SNIB now has a staff of more than 60, with most positions filled.
There was no mention in the announcement of the contribution of former CEO Eilidh Mactaggart or progress in replacing her after she resigned suddenly from the £235,000 a year post on 27 January. Her departure was not made public until 25 February.
She later said ‘personal reasons’ were behind her decision to quit one of the highest paid publc sector jobs in Scotland, but questions continue to be asked including recent demands why she received £117,500 in lieu of notice.
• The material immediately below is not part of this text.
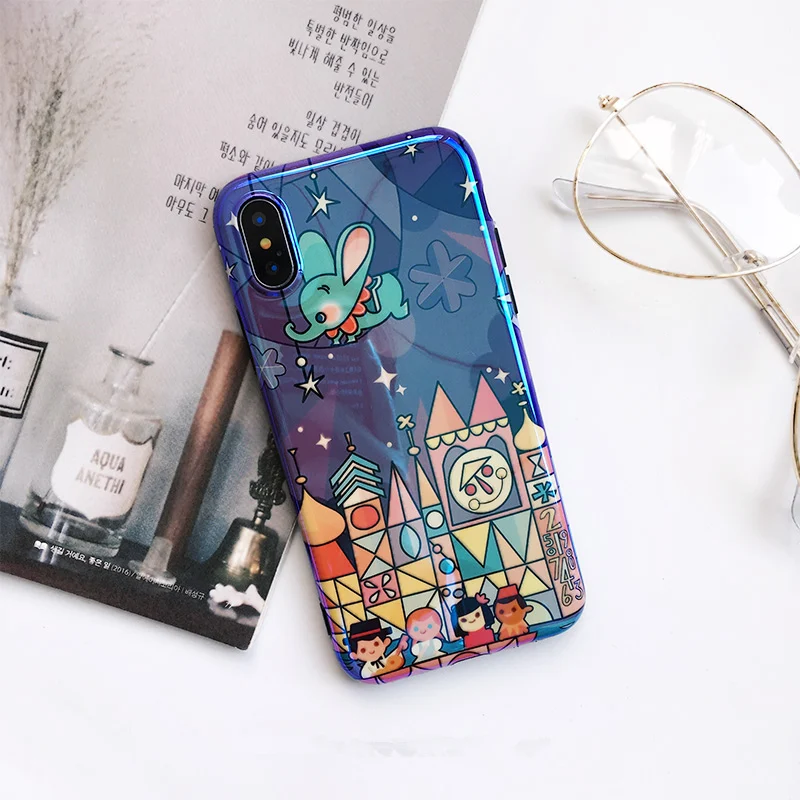 Fairy tale Castle phone Case for iphone X 7 7Plus Shiny fireworks soft silicon For 6 6s+ 8 8Plus Free Shipping | Мобильные телефоны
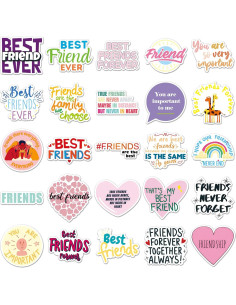 Pegatinas de Amistad Famnaer 50pcs Vinilo Resistentes al Agua 2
She had already received a £37,375 bonus on top of her salary.
In a letter sent last month to the Holyrood finance committee, chair Willie Watt said: “There can be many situations where an individual does not work through their notice period, yet it remains necessary to make a payment in lieu of notice, as required under the terms of an employment contract.
“I am not able to provide any further detail on this without divulging personal and confidential information, other than to confirm that this was such a situation.
“However, I would emphasise that there was no severance package, termination payment, settlement agreement, or confidentiality agreement, nor anything akin to those things.”